Benchmarking Performance of Data-Intensive Applications on Heterogeneous Platforms

 

Background:

Data-intensive computing, often simply referred to as big data, is one of the major current trends in information and communication technology. In areas as diverse as social media, business intelligence, information security, Internet-of-Things, and scientific research, a tremendous amount of, possibly unstructured, data is created or collected at a speed surpassing what we can handle using traditional data management techniques. Data-intensive applications in a cluster generally used to rely on a co-located big data compute framework and storage system. An example of such a configuration is a Hadoop MapReduce running on a co-located Hadoop Distributed File System (HDFS) cluster [1]. MapReduce applications in this example will access the shared storage provided by the HDFS on distributed data processing nodes. However, as the big data ecosystem is rapidly evolving, a whole range of big data processing frameworks, technologies, and storage systems have been developed in the last several years. The current ecosystem involves a variety of compute frameworks, ranging from traditional Hadoop MapReduce and Apache Spark [2] to specialised frameworks such as Apache Flink [3], Storm [4], and Samza [5], to name a few. The storage systems are equally plentiful. A variety of open source and enterprise distributed file systems, database management systems, and cloud-specific storage technologies are in use. Moreover, modern big data applications often manage multiple data sources, requiring separate management of namespace and access APIs for each data source. This heterogeneity of storage technologies bring interoperability and performance issues together with costly storage integrations. Moreover, unified benchmarks for assessing data access performance are not readily available resulting in poor use-case decisions.

Description of Topic:

In this thesis, we propose to understand the impact of distribution and data locality on the application performance of data-intensive applications and design benchmarks to assess the quality of the data-processing stacks. The idea is to show the impact of both distribution and data-locality over heterogeneous platforms and then potentially take advantage of lineage (through Alluxio [6]) with write caches and intelligent tiered storage to target improvements in data-processing performance. Alluxio is a rapidly growing open source memory speed virtual distributed storage system enabling big data applications to interact with data from a variety of storage systems and technologies.

Main Goal:

The goal of this master project is to design and develop benchmarks for evaluating performance of various combinations of data-processing frameworks, distributed file systems, and storage technologies using Alluxio as a unified virtual distributed storage system.

 

What you will do:

  • You will design a benchmarking methodology for data-intensive applications developed under state-of-the-art data processing frameworks and storage technologies
  • You would setup data-processing stacks and do experiments for identifying performance bottlenecks in a variety of application scenarios.
  • You will explore hooking Alluxio APIs in the job schedulers at appropriate places to bring data on a node / cache in memory (or move to a desired tier) / persist back to the source to improve application performance.
  • Potentially publish your results at a good scientific venue!

What you will learn:

  • You will get to know state-of-the-art data-processing frameworks, distributed files systems, and storage technologies.
  • You will develop a thorough understanding of workload execution in a distributed data centre
  • You will learn performance analysis and develop insight into algorithm evaluation

Qualifications:

  • First-class programming skills in Java (or C/C++).
  • Previous experience and/or knowledge of data-intensive computing and distributed applications is a plus.

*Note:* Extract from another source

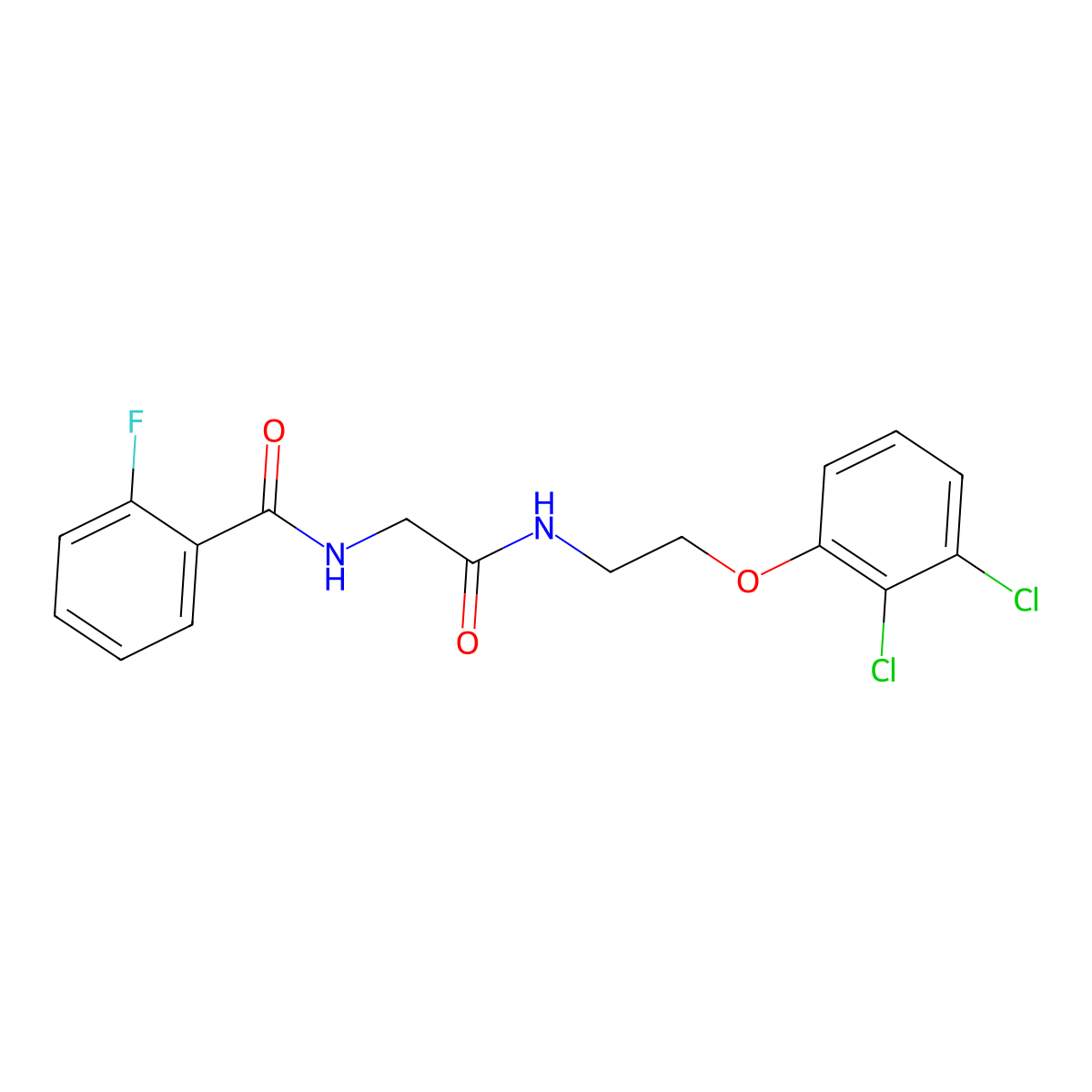 N-[2-[2-(2,3-dichlorophenoxy)ethylamino]-2-oxoethyl]-2-fluorobenzamide molecular structure, CAS 309921-41-3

For more information, please contact Feroz Zahid (feroz@simula.no) or Silvia Lizeth Tapia Tarifa (sltarifa@ifi.uio.no).

References:


[1] Hadoop
[2] Spark: Lightning-fast Unified Analytics Engine
[3] Flink: Stateful Computations over Data Streams
[4] Storm: Realtime Computations
[5] Samza: Distributed Stream Processing Framework
[6] Alluxio: Open Source Memory Speed Virtual Distributed Storage

 

Publisert 17. sep. 2019 15:21 - Sist endret 25. okt. 2019 12:14

Omfang (studiepoeng)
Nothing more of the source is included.